The Rebase Treadmill
Here is the brutal economic reality of maintaining a Chromium fork: Google merges new commits into Chromium at a rate of several hundred per day. Security patches, which must be shipped within days of disclosure, arrive on an urgent schedule. A fork must continuously rebase or cherry-pick upstream changes onto their patch set, resolve merge conflicts, re-test the result, and ship. This is a full-time job for a dedicated team. Brave and Vivaldi both dedicate significant engineering resources purely to upstream tracking. Companies that underestimate this cost end up shipping old Chromium versions with known security vulnerabilities — which is worse than not forking at all.

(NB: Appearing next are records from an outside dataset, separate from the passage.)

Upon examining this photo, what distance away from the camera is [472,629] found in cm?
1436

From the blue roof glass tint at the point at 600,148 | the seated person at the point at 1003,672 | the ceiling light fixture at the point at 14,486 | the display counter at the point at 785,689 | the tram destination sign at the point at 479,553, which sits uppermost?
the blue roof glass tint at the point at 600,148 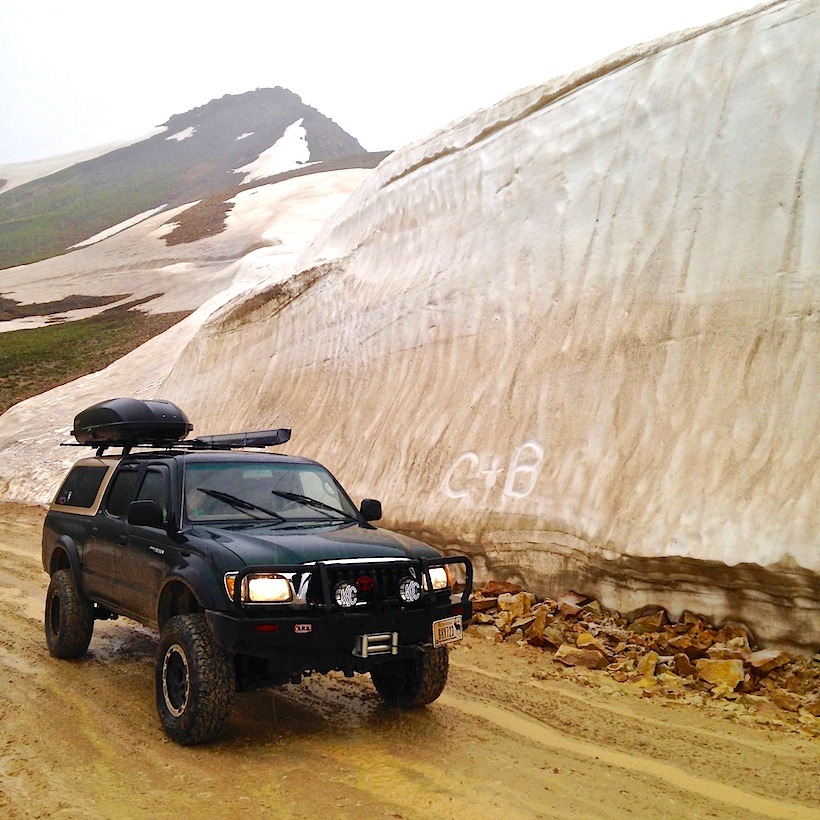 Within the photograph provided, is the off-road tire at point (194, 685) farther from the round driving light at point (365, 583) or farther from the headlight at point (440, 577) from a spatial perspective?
the headlight at point (440, 577)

Microsoft Edge uses an internal monorepo that imports Chromium via a submodule-like system, then applies a set of patches (stored as .patch files) to add Edge-specific features: the Fluent UI shell, Bing integration, Collections, the vertical tabs feature, and so on. The Edge team has a dedicated team that tracks Chromium releases and promotes new base versions approximately every 4 weeks, aligning with Chromium's release cadence. This is a scale that only a company the size of Microsoft can sustain without it being a death march.

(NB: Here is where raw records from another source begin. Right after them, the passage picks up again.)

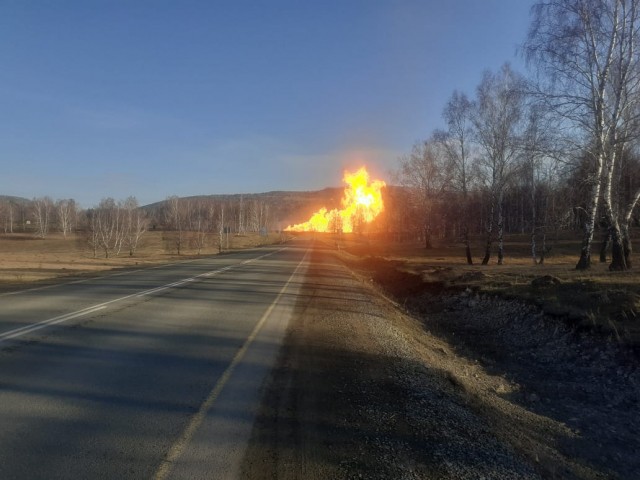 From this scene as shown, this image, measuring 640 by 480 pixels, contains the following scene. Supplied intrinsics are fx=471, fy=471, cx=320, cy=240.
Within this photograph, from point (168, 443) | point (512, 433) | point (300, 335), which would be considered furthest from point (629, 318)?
point (168, 443)

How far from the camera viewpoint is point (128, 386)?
559 centimetres

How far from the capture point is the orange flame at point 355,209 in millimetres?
72062

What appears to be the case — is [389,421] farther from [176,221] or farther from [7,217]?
[7,217]

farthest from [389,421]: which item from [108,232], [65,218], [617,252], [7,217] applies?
[7,217]

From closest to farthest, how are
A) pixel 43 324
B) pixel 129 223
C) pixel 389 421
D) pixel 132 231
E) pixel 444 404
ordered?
pixel 389 421, pixel 444 404, pixel 43 324, pixel 129 223, pixel 132 231

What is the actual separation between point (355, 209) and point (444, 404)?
311 ft

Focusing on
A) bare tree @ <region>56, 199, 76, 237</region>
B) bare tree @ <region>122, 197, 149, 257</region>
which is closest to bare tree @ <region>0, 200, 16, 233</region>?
bare tree @ <region>56, 199, 76, 237</region>

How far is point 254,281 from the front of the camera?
64.7ft

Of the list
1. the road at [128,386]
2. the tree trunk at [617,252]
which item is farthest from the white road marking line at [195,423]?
the tree trunk at [617,252]

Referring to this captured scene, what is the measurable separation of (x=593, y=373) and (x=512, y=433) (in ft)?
14.1

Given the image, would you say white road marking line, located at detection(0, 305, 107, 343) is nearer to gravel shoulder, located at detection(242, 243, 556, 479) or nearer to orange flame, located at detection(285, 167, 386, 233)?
gravel shoulder, located at detection(242, 243, 556, 479)

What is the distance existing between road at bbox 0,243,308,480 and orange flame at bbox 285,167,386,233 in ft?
198

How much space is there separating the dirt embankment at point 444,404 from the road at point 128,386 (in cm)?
41

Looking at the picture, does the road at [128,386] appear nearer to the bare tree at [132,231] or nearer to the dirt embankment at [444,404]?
the dirt embankment at [444,404]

Why Most Projects Choose Chromium Over Firefox
The choice of Chromium as a base is not unanimous, but it is overwhelmingly popular. The reasons are partly technical and partly political. Technically, Chromium's Content API is explicitly designed to be a clean embedding interface — it is a public API with documented semantics for embedding the web engine in a host application. Firefox's equivalent, GeckoView, is well-designed for Android but has no equivalent stable embedding API for desktop applications. There is no stable, versioned, documented C++ or IPC-based interface to embed Gecko in your own desktop shell the way you can embed Chromium via the Content API.
Politically, Google has historically been more permissive with commercial Chromium forks than Mozilla has been with Firefox derivatives. Mozilla's trademark policy makes it difficult to distribute a modified Firefox under a similar name without a formal licensing agreement. The Chromium project has no such restriction — the Chromium brand is free to use; only the Google Chrome name and trademark are restricted.

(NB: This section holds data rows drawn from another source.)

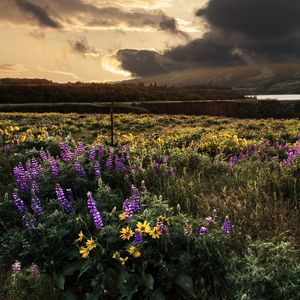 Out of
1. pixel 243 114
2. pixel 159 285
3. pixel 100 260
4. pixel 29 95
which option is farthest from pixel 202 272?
pixel 29 95

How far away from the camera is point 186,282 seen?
455 cm

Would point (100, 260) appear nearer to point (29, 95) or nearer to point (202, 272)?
point (202, 272)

The Presto Engine: Opera's Beautiful Ghost
If you want to understand how different browsers can be under the hood, study Presto. Opera Software's in-house rendering engine, developed continuously from 1994 through 2013, was in many technical respects more advanced than its contemporaries during its peak years. It was also the engine of Opera 12 — widely considered the best desktop browser ever made by a segment of the web community that still mourns its death with genuine grief.
Presto had a fundamentally different architecture from Gecko and WebKit. Its layout engine was built to be extremely compact and fast on low-resource hardware — a design decision forced by Opera's early success on mobile phones, digital televisions, and gaming consoles (the Nintendo DS and Wii both shipped with Opera as their browser). Where WebKit and Gecko grew by accreting layers of optimization for desktop hardware, Presto was ruthlessly optimized for constrained environments from birth.
What Made Presto Special
Presto's CSS implementation was, at various points in its history, the most standards-compliant rendering engine available. Opera's developers were active in W3C working groups and frequently shipped CSS features before any other browser. Presto supported CSS transitions and transforms years before they appeared in WebKit. Its ECMAScript engine, called Carakan, was a complete rewrite shipped in 2010 with register-based bytecode and a native code compiler — it was state-of-the-art for its era and benchmarked competitively with V8 and SpiderMonkey.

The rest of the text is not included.